For MFT, in 2018, it seems that the shortest rectilinear options are also expensive - see the Laowa 7.5mm (15mm full frame equivalent) or Samyang 10mm (20mm full frame equivalent).
There are cheap so called "wide angle converters", but they either do not even try to be rectilinear or aren't good at it.
There are cheaper fisheye (non rectilinear) options at 6.5mm and 7.5mm available, but you would need to correct the distortion in software, losing some resolution and image fidelity in the process.
What could be useful for your purposes is the Sigma 10-20mm (or 8-16mm, but this one tends to be expensive too..) zoom (would need to be adapted, and will be manual focus! The "four thirds" version will not fit an MFT camera.
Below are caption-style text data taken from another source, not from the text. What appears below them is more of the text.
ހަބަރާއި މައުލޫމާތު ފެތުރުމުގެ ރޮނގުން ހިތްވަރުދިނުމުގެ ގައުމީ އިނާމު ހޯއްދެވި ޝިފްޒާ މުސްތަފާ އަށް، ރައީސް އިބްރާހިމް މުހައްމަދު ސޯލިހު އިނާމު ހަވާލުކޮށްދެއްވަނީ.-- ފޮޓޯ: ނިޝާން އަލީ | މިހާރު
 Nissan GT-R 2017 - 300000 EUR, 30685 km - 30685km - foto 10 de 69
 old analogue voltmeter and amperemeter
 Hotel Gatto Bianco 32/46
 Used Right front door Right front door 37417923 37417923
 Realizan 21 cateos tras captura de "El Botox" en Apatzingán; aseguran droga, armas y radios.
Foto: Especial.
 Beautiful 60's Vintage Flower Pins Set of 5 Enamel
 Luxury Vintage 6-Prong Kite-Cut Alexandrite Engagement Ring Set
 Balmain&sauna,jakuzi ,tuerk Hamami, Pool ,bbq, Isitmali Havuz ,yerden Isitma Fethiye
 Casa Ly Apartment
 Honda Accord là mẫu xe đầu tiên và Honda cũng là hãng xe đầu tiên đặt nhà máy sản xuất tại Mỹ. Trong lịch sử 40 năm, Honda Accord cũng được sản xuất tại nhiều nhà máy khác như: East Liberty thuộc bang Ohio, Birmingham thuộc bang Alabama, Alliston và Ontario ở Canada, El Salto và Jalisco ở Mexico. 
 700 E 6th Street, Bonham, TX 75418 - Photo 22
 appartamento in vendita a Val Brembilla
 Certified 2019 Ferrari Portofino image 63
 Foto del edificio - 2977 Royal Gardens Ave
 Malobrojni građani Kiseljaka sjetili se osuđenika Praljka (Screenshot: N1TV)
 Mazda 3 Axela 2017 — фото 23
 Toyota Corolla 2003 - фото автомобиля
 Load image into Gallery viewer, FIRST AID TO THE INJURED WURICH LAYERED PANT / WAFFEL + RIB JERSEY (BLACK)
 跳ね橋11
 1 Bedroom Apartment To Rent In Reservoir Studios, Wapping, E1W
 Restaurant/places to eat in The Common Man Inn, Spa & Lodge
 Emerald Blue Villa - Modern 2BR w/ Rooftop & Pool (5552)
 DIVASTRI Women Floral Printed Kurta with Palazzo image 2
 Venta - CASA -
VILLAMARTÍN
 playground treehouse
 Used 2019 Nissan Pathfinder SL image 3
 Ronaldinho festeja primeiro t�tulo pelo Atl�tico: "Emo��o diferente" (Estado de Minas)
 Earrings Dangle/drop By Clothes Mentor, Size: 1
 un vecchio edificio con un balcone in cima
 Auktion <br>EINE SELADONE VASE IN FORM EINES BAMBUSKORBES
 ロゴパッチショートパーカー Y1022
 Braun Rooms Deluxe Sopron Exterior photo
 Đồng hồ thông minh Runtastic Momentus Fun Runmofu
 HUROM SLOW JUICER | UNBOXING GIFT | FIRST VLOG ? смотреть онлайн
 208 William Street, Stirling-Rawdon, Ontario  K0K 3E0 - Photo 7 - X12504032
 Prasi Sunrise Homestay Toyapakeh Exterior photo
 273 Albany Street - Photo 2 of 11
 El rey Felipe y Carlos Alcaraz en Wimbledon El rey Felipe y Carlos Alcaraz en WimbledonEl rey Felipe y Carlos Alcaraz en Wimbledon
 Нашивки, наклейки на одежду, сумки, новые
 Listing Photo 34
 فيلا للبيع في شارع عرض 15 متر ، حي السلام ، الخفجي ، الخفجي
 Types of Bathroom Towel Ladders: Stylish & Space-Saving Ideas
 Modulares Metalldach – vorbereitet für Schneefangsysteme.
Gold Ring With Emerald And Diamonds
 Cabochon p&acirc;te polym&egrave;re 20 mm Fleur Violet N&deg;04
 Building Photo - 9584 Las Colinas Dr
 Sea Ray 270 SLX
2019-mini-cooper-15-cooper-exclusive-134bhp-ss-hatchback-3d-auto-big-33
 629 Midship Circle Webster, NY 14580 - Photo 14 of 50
Do not try adapting the Canon version, unless you have a very expensive/exotic adapter you will have no aperture control - adapting from Sony A, Pentax or Nikon is your best bet here...) , or the Olympus 9-18mm (native MFT, expensive).
Fisheye effects are great for art, they are not helpful in documentary architectural photography...
BTW, some technical background: P&S cameras can easily incorporate rather brutal wide angles for three reasons. First, the rear element of the lens can be placed obscenely close to the sensor, simplifying lens design. Second, the sensor can be optimized to deal with a lens closed to the sensor and covering it with a small exit pupil. Third, you can leave all sorts of lens errors in place and correct them in software and in camera - since there is no non-hackish way to even test the lens off the camera, you do not run the risk of reviewers bad mouthing your lens for being an optical catastrophe. That way, the wide angle mode on a P&S can actually be a heavily vignetting fisheye optically.
By the way, even some kit zooms for DSLMs already use electronic correction heavily (there is firmware in the lens telling the camera what to do).